Guterres: o nome indissociável da obra social.
Regresso a António Guterres porque a entrevista
que concedeu esta quarta-feira à RTP3 revelou aquilo que, há muito, penso dele. A
conversa centrou-se, na maior parte do tempo, no tema dos refugiados e naquilo
que foi o seu trabalho enquanto Alto Comissário das Nações Unidas para os
refugiados. Foi um testemunho ímpar aquele que Guterres ontem deixou aos
portugueses e ao mundo. Lembrou que «a maior crise que estamos a enfrentar é a
situação da Síria» colocando na segurança a «questão central» quando falamos de
terrorismo global. Guterres diz-nos também aquilo que, há muito já sabemos, mas que precisamos repetir incessantemente: que
«o mundo mudou, tornou-se muito mais violento, muito mais perigoso». Os
refugiados «são as pessoas mais vulneráveis, mais desprotegidas», alertou,
deixando a quem o ouvia um sentimento de alma vazia, de impotência gigantesca,
o mesmo que me atinge diariamente sempre que abro o email e me deparo com
imagens chocantes. Vidas à procura de um futuro melhor. Sonhos que valem a pena
o risco da morte. Gente, de carne e osso, que foge de uma guerra que não é a sua.
O antigo primeiro-ministro relatou-nos aquilo que também eu jamais consigo
imaginar. «Nunca pensei que as pessoas pudessem suportar níveis tão elevados de
sofrimento», disse. E quando lhe pediram um exemplo que o
tivesse marcado nesta última década dedicada aos refugiados, Guterres
descreveu, horrorizado ainda, e horrorizando o público, o caso de uma mulher,
violada por 17 homens, que lhe matam o filho à sua frente, e cujo o marido
morre, vítima de um ataque de coração, quando lhe contam o que acabara de
acontecer. Dá para imaginar? Jamais. Sobre o futuro, Guterres deixa-nos uma janela de esperança, dizendo que o problema do terrorismo na Europa «requer um grande
investimento que muitas vezes não existiu». «Devemos saber construir uma Europa
multicultural, multiétnica, multirreligiosa», apelou, lembrando, e bem que «se
a Alemanha tivesse fechado as fronteiras teríamos tido uma calamidade».

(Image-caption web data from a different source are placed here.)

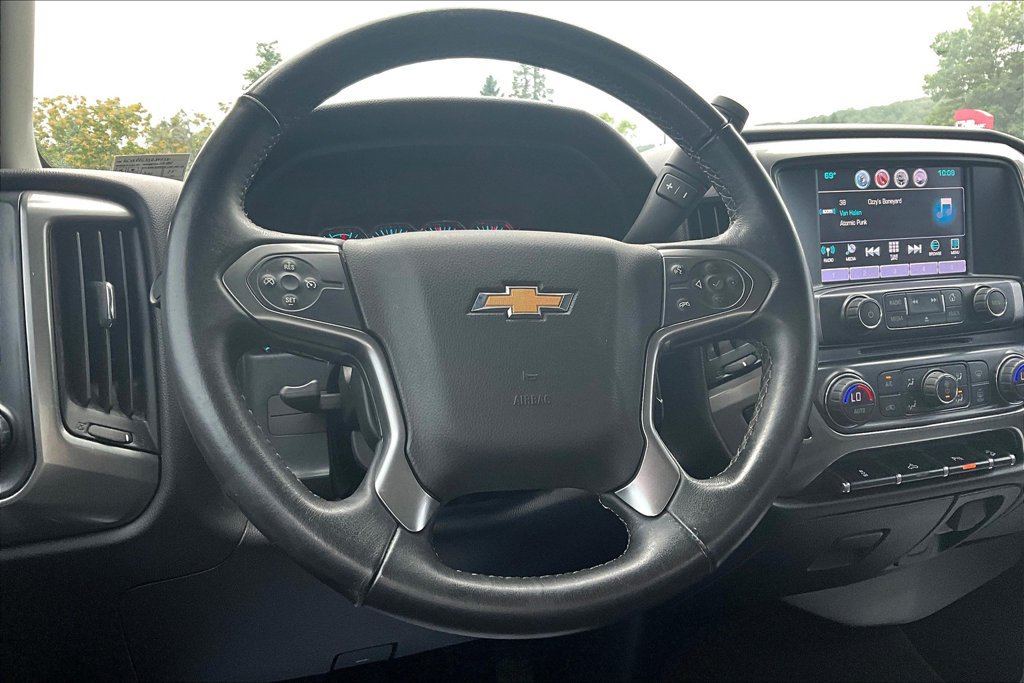 Used 2018 Chevrolet Silverado 1500 LT w/ Midnight Edition AWD/4WD image 13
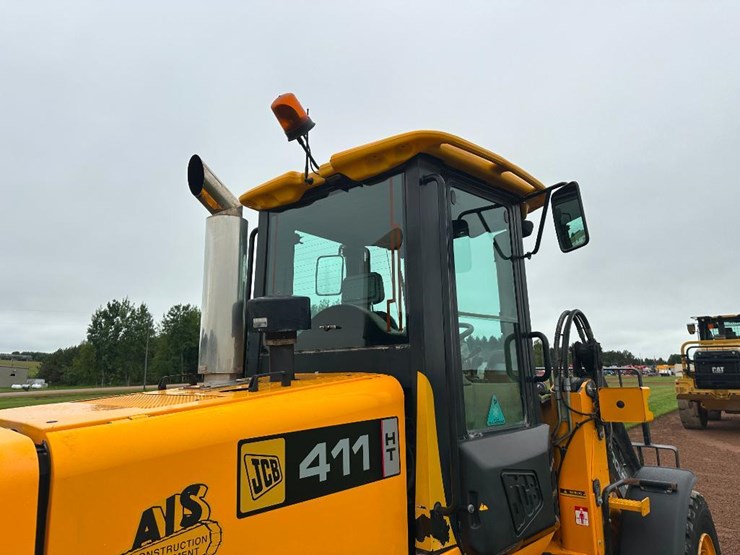 2002-jcb-411ht-image-16
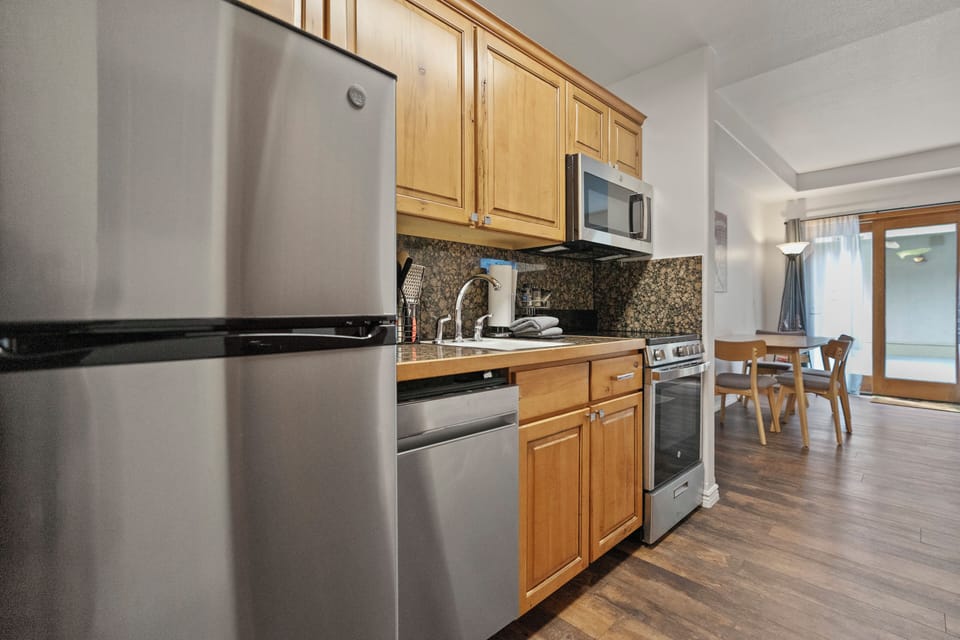 Fully equipped kitchen with dishwasher, stove/oven, sink & microwave.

Relativamente à política nacional, foi
simples, direto e muito claro. Reconheceu que tem «uma dívida,
sobretudo com o PS» e que desiludiu «os que pensavam que devia ser candidato» a
Belém. «Ser presidente não corresponde à minha maneira de estar no mundo»,
afirmou, mostrando uma vez mais a fibra que o caracteriza, o Humanismo que, a
meu ver, o define, mais do que qualquer outra personagem política do seu tempo. Por fim, e uma hora depois de uma conversa
desnudada (mais pelo entrevistado do que pelo jornalista), e que mostrou que Guterres é um grande Humanista e um péssimo gestor
político (o seu legado nacional provou, a seu tempo, que não foi talhado para tal), não teve a menor dificuldade em afirmar que «as elites portuguesas
não estão ao nível do povo que temos». E é que não estão mesmo, e duvido que algum dia estejam... Jamais
saberemos se daria um bom Presidente, como aqui já o referimos, mas que seria
um candidato de peso e qualidade, disso não temos a menor dúvida. Seja qual for o seu futuro, não duvido que passará pela obra social, uma marca indissociável do nome Guterres.